I campi ai lati della strada dell’uomo morto si estendevano per pochi chilometri prima di incontrare una densità abitativa tale da togliere ogni aspetto di campagna aperta. Ma a noi, poiché c’erano alberi, sponde e altri ostacoli naturali allo spaziare della vista a perdita d’occhio, sembrava che ci fossero campi per giorni e giorni di cammino. Verso sera, la mamma e la sua amica, la madre di Riccardo, prendevano la macchina e ci venivano a cercare. Prima ci cercavano dai vicini poi, quando vedevano che non eravamo a giocare da loro, immaginavano che eravamo in fuga.

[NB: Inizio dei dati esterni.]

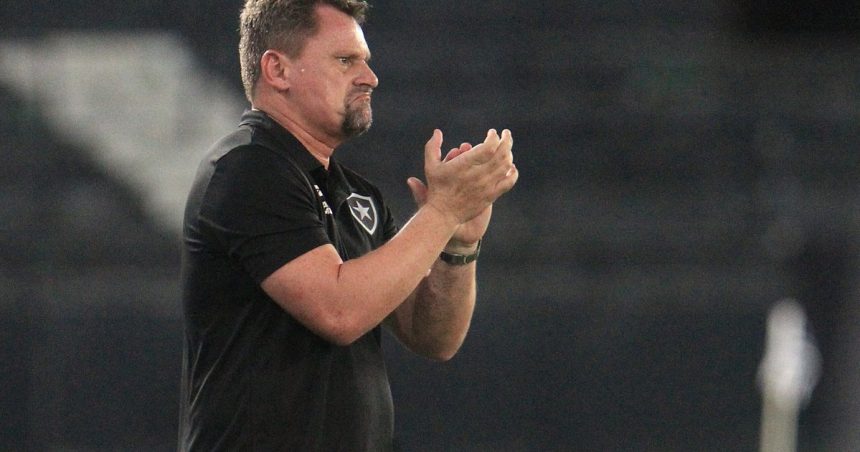 estrategia-do-botafogo-contra-o-bragantino-passa-pelo-classico-–-fogaonet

Questo le spaventava perché sapevano che ci spingevamo lontano, che potevamo raggiungere la fine della strada dell’uomo morto, dove lo sterrato circondato dal verde lasciava improvvisamente il posto alla Milano-Salice, la strada provinciale che portava verso la metropoli o le colline, a seconda della direzione, e dove le macchine andavano veloce. Pensavano ai pericoli, ai trattori che passavano lenti ma ciechi, alle macchine che potevano investirci. Alla sera, dopo averci trovato e sgridato, quando ormai l’orizzonte si scuriva, tornavamo a casa e venivamo inghiottiti dal sonno, che arrivava ancora più presto del solito per avere camminato tanto. Caricavano in macchina noi e il cane e io guardavo se guardava lo specchietto, se capiva che quella che vedeva riflessa era la sua immagine, se sapeva decifrare l’immagine di un cane. Ma più spesso guardava in faccia a noi, sbuffandoci addosso con la bocca aperta e la lingua fuori, porosa, rosa e dentellata, o guardava fuori dal finestrino abbassato. Al fatto che Riccardo fosse adottato attribuivamo una valenza misteriosa, un qualcosa di drammatico che non potevamo decifrare e valutare bene, ma chi ci sembrava grave, importante. Dobbiamo averne parlato anche con lui perché una volta sua madre ci ha sgridati e ci ha detto che dovevamo stare zitti, che non dovevamo parlare di questa cosa con Riccardo, ma noi negavamo di averne parlato con lui, anche se non era vero.
«Che storia avete raccontato a Riccardo?», ci ha chiesto con tono severo ma non arrabbiato sua madre. «La storia di Bianca neve e i sette nani», abbiamo risposto tirando fuori la prima cosa che ci veniva in mente per sottrarci alla sgridata e lei ha lasciato cadere il discorso.